Sui temi della spesa e del fisco
segnalo due importanti e chiarificatrici interviste di venerdì scorso: quella del ministro Giovannini su
Repubblica e quella di Fabrizio Saccomanni sul Corriere della Sera.
Una parola sul congresso del Pd. Che il dibattito, come sempre dovrebbe avvenire, abbia inizio nelle istanze di base locali, sezioni o circoli che siano, mi sembra ovvio. Qual è il tema per un partito che sembra aver smarrito la sua identità? Appunto quello, la visione della società come la concepiscono i militanti che dal basso la trasmettano alle istanze regionali e nazionali. Alfredo Reichlin ha ben interpretato questo percorso affidando un suo documento alla lettura online nel sito del partito. Altrettanto faranno Renzi, Cuperlo, Fassina, Civati, che siano candidati oppure no alla segreteria del partito.
Questo è il dibattito sull’identità, il quale culminerà poi con le primarie nazionali come è sempre avvenuto da quando esiste il Pd.
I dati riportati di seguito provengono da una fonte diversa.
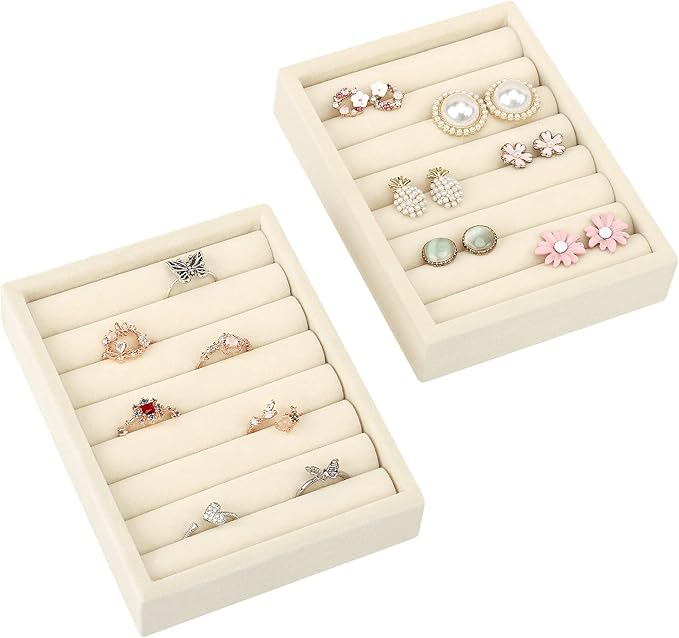 Small Jewelry Tray-Ring Organizer 2PCS Premium Velvet Rings Earrings Display Tray Storage Insert Holder for Jewelry Box, Drawer, Dresser (8 Slots, Beige)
Altra cosa è l’elezione del candidato alla presidenza del Consiglio. Le elezioni politiche non sono imminenti e comunque non si elegge un candidato a guidare il governo nel momento in cui un governo c’è ed è guidato da un’eminente personalità del Pd. L’incongruenza sarebbe talmente evidente che non sembra neppure il caso di discuterne. Post Scriptum.
È di ieri la notizia che John Elkann, presidente
della Fiat, ha telefonato al Capo dello Stato per informarlo che la sua società è diventata l’azionista di maggioranza relativa del gruppo Rizzoli- Corriere della Sera.
È stato un atto di apprezzabile gentilezza, ma la notizia contiene una realtà alquanto preoccupante. Con una posizione di maggioranza relativa che diventerebbe quasi assoluta nel patto di sindacato azionario, la Fiat avrà la proprietà di tre quotidiani nazionali: il Corriere della Sera, La Stampa, La Gazzetta dello Sport, più una società di libri, molti periodici, molti siti sulla rete, una società unica di pubblicità. Aggiungo che tra gli altri azionisti di Rcs ci sarà anche la Banca Intesa che sottoscriverà gran parte delle azioni inoptate. Forse Elkann avrebbe fatto bene a sottoporre preventivamente l’operazione alla Commissione antitrust visto che sia avvia ad assumere nel mercato mediatico una posizione dominante.
La concorrenza su quel mercato c’è, è molto vivace e presumibilmente aumenterà. Non è dunque questo il dato preoccupante, ma lo è il fatto che un gruppo industriale come la Fiat abbia il controllo d’un gruppo mediatico di quelle dimensioni. Il peso dei suoi interessi sullo Stato e sulle regioni diventerebbe schiacciante, con conseguenze preoccupanti sulla politica economica e sociale del Paese.